Thanks for your reply. That means GK110’s suitability for GPGPU is still questionable??

Every design choice is a tradeoff and there is no reason the future has to be a superset of the present, so “suitability” depends on your problem. Kepler has less shared memory bandwidth per FLOP, so if your code is limited by shared memory bandwidth, then yes, Kepler will be worse. I don’t know how many programs actually have that restriction however. I’ve seen various programs that I’ve written run anywhere from 10% slower to 100% faster on the GTX 680 compared to the 580. The 10% slower case was a program that has quite an erratic memory access pattern, so I suspect the loss of L2 cache and global memory bandwidth hurt the most there. The 100% faster case was a program that was compute bound and most of the computation was special functions. Here I think the very large number of CUDA cores and extra special function units helped.

(One reminder: It is really, really important that you benchmark different block sizes on Kepler. I made this mistake initially, and my compute-bound code ran slower than Fermi. Reoptimizing things led to a massive increase in that case. It didn’t help the memory bound program, but that is more to be expected.)

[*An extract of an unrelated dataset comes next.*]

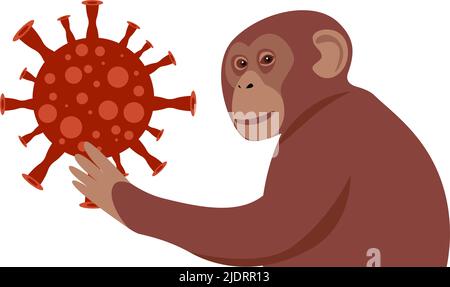 Cellule virale avec singe, illustration médicale simbolique. Monkey tient une balle - un virus. Cellules du virus de la variole du singe sur fond transparent. Microbiolo Illustration de Vecteur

The relative reduction in shared memory bandwidth in Kepler might be the reason for the addition of the shuffle instructions, which allow threads in a warp to exchange data without shared memory at all. (In effect, shuffle adds an optional extra layer in the memory hierarchy between registers and shared memory.) The instruction seems to be tailor-made for FFTs, which probably put a lot of pressure on shared memory.

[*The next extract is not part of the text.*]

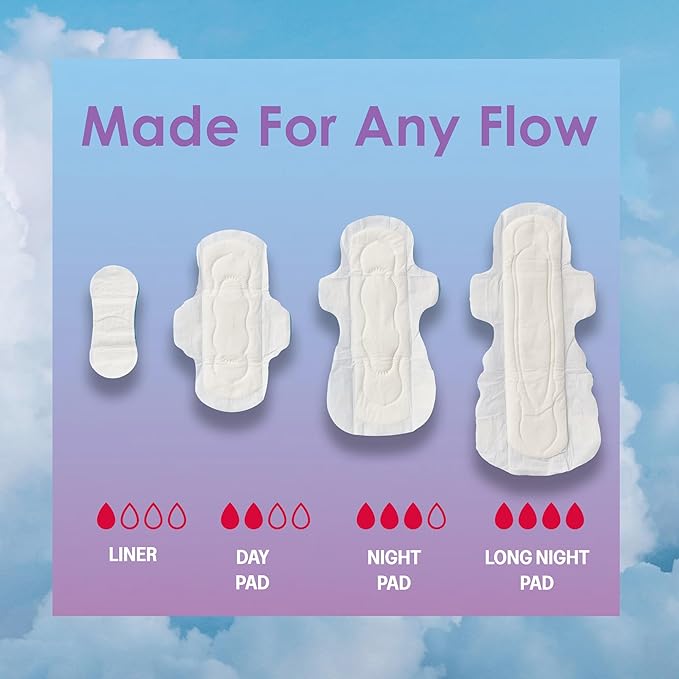 August Overnight Pad with Wings, Overnight Pads for Women and Anyone Who Menstruates, 96 Long Pads with Compostable Wrappers, Toxin Free, Fragrance Free, and Hypoallergenic (6 Boxes of 16)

On page 13, it says shared memory bandwidth has been doubled to 256B per core clock. What does that mean? Does that mean since the GLOPS is tripled, so the overall effect is slower and prudent use of shuffle command is recommended?

If I understand the details in that document, the shared memory bandwidth is only double if each thread doing a 64-bit load from shared memory. Basically, a warp of threads on GK110 doing a 32-bit or 64-bit load takes the same amount of time, so in the 64-bit case the bandwidth is twice as high as the 32-bit case.